Besides me, there were 34,516 other paying customers there last week. I hadn’t been to an opener at Fenway for seven years, though I caught a couple at Shea Stadium and K.C. Municipal. I looked around for Howie and the two Mary’s, but I didn’t see them. I suspect they’d be pretty uncomfortable out there these days anyway; the bleachers last Tuesday were packed with a crowd that would’ve been indistinguishable from the occupants of the cheap seats at the Fillmore East: freaks sporting Mao buttons, long-haired college kids, high school hippies, and even teenyboppers, with bells, beads, and blemishes.
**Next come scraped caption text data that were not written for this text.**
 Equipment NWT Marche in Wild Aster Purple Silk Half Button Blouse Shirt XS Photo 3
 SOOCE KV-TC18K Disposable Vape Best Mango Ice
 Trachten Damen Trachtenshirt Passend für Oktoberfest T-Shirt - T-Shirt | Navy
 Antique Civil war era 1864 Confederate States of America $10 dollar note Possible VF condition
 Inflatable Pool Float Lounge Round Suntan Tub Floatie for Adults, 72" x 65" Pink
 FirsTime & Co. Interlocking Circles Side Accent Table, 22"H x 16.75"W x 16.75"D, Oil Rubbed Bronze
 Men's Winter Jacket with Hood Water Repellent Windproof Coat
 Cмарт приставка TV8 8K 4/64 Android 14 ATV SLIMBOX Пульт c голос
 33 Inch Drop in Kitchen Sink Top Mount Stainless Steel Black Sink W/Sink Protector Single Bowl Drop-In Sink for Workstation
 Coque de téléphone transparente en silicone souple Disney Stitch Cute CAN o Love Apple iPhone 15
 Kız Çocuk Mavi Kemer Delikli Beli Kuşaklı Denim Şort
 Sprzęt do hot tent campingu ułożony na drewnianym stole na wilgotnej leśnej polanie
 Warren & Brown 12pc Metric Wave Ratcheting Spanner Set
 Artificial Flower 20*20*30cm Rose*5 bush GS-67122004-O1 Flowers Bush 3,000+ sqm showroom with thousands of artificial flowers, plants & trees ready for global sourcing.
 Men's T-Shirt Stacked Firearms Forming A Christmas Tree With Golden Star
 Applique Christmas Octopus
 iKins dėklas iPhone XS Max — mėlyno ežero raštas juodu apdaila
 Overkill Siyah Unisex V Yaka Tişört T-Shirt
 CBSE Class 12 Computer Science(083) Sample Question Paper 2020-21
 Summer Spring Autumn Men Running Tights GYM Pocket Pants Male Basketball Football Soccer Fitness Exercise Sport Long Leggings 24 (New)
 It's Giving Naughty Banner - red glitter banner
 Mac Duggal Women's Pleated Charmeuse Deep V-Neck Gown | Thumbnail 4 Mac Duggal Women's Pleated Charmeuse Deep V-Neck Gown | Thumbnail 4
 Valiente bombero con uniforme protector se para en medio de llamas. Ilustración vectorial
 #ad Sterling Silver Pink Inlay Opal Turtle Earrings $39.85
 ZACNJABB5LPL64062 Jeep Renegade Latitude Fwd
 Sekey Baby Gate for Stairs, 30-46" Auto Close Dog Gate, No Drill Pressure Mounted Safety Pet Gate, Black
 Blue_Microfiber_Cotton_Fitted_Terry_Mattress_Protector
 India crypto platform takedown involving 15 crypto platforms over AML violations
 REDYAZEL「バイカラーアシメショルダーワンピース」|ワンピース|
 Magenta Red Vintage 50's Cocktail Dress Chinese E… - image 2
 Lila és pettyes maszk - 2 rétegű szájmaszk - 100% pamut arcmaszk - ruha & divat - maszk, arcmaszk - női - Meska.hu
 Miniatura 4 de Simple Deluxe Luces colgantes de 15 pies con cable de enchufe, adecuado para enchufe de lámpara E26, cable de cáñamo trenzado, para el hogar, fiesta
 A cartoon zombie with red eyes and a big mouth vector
Initially, anyway, that was relieving. For several years now I’ve found myself trembling whenever the National Anthem is played at sporting events, not out of patriotic sentiment but of fear that some flag-crazed lunatic sitting in back of me will be overcome by his emotions and seize the opportunity to bludgeon me from behind with his souvenir Louisville Slugger. Since the first ball on Opening Day was thrown out by a Vietnam veteran, a former POW, the new crowd did thus provide at least a reassuring measure of collective security during the pre-game ceremonies, helping to compensate for the nostalgic loss of old ambience.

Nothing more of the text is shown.